▸ **Exercise instructions**:
Search the material below for the word "Christmas" and copy every line in which it occurs.

▸ **Data for review**:
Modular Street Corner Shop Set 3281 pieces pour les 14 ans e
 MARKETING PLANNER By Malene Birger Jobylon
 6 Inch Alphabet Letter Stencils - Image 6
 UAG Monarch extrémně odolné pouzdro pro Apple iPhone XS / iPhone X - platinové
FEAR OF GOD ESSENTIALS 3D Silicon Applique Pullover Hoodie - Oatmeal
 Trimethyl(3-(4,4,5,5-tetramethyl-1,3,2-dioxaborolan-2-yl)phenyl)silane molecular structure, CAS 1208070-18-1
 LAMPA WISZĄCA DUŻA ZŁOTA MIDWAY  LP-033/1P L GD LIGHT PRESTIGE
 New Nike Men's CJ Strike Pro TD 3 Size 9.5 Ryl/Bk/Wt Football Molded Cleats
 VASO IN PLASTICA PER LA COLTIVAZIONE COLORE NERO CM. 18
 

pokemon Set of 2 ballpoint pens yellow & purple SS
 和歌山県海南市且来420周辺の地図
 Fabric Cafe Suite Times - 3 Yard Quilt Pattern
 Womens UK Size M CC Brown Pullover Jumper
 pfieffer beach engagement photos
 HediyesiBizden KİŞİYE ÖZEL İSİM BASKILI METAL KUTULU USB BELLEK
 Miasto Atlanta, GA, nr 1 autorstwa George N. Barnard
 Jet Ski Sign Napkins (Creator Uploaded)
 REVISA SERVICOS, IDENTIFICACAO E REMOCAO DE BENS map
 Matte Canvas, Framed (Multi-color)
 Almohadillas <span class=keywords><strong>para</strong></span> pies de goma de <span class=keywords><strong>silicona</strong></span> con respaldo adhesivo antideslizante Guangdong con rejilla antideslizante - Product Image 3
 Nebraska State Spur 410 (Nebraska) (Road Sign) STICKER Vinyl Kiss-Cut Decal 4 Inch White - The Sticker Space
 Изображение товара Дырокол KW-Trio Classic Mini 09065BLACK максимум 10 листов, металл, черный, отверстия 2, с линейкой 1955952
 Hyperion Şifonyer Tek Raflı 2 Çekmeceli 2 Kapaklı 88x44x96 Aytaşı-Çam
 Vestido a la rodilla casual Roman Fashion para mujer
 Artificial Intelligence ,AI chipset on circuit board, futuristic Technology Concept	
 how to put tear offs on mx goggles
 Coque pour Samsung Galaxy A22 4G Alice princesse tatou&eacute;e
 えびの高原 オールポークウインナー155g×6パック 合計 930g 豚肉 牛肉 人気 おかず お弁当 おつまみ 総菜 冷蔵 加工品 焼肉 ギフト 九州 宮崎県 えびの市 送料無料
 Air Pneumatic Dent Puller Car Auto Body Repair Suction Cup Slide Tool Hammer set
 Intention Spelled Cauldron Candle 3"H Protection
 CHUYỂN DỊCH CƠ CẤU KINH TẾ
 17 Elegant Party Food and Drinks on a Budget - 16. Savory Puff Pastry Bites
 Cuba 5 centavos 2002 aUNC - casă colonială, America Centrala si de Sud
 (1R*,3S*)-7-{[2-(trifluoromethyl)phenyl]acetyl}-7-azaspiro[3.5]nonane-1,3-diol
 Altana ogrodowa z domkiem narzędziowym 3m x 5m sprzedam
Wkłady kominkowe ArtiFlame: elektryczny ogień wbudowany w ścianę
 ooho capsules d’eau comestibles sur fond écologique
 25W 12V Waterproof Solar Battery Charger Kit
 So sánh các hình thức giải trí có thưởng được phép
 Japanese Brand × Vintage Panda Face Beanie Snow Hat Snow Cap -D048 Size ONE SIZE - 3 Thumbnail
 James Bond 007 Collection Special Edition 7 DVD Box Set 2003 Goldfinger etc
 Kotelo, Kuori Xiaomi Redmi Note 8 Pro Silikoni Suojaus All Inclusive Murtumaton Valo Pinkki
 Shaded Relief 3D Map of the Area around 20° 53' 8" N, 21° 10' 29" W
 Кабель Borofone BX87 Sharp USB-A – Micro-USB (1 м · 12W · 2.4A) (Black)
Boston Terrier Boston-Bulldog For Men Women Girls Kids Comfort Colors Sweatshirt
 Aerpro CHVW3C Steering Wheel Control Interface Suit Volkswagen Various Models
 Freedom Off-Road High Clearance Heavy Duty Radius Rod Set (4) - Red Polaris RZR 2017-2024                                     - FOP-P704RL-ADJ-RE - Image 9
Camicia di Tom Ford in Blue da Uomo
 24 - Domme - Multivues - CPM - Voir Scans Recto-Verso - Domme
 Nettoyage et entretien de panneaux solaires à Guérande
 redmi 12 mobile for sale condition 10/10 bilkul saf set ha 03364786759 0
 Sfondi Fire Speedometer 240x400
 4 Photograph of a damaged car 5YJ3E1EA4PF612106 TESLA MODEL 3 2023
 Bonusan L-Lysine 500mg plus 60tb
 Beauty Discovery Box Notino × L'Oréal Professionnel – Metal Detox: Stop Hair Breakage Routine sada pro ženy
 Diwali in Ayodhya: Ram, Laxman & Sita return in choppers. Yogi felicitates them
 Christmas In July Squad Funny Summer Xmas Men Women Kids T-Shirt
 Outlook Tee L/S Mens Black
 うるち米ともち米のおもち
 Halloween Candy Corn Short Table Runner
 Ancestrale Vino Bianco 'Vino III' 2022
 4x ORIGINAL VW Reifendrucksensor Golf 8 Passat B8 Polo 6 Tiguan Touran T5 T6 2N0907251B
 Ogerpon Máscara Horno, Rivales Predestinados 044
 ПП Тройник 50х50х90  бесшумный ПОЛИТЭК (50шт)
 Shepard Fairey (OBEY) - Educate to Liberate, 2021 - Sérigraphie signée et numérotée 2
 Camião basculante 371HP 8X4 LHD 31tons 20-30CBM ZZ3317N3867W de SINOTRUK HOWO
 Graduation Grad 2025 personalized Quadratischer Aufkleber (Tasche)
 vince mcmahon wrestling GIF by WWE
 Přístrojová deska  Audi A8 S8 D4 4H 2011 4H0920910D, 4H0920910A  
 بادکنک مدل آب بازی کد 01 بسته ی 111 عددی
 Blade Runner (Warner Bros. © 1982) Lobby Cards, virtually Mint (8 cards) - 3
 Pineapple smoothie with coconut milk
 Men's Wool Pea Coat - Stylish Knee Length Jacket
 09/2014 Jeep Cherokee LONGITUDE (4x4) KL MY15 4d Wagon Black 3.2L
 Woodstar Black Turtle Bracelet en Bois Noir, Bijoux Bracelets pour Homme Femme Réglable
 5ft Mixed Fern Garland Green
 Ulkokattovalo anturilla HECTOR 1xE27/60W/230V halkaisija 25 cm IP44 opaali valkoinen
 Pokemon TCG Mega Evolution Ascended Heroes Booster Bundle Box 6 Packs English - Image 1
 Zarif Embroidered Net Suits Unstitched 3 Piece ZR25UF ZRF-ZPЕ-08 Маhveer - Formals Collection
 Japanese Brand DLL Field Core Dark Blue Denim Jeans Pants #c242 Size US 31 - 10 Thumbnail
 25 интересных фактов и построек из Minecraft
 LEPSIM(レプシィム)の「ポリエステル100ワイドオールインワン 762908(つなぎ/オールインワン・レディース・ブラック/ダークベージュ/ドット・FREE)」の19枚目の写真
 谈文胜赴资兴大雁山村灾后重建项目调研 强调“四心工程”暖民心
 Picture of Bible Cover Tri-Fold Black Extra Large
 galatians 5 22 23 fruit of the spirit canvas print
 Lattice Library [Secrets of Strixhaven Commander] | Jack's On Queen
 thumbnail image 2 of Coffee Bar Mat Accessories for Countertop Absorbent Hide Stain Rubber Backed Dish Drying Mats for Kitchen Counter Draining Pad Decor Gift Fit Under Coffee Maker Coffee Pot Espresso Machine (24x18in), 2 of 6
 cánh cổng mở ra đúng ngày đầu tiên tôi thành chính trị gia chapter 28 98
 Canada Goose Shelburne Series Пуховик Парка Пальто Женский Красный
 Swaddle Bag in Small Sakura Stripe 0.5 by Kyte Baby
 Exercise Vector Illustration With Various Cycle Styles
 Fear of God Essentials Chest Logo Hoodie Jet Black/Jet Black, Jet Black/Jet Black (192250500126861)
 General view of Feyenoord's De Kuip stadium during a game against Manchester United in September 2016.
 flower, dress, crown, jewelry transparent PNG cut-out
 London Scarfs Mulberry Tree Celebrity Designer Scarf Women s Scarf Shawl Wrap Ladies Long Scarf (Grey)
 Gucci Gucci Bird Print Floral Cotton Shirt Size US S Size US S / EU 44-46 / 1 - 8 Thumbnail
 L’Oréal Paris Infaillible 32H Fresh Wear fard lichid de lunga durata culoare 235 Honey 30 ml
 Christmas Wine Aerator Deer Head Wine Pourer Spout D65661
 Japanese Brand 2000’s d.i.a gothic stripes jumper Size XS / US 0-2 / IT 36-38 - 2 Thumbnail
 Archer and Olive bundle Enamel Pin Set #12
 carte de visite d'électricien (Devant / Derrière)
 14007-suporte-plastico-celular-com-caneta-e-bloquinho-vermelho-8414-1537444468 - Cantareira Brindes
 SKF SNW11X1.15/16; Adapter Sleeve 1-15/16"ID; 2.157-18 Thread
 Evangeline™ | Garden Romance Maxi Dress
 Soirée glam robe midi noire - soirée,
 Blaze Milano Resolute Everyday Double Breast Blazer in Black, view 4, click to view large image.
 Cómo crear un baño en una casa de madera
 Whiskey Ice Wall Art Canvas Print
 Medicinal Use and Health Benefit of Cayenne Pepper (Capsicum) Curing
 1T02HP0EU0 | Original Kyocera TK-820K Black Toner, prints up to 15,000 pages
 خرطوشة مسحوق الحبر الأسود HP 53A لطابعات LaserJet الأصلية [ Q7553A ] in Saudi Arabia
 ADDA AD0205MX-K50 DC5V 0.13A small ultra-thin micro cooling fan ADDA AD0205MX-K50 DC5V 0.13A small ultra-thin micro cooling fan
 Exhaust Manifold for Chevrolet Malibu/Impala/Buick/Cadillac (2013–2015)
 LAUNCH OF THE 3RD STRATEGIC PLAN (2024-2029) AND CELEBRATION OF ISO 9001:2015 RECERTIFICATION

▸ **Answer area**:
 Christmas In July Squad Funny Summer Xmas Men Women Kids T-Shirt
 Christmas Wine Aerator Deer Head Wine Pourer Spout D65661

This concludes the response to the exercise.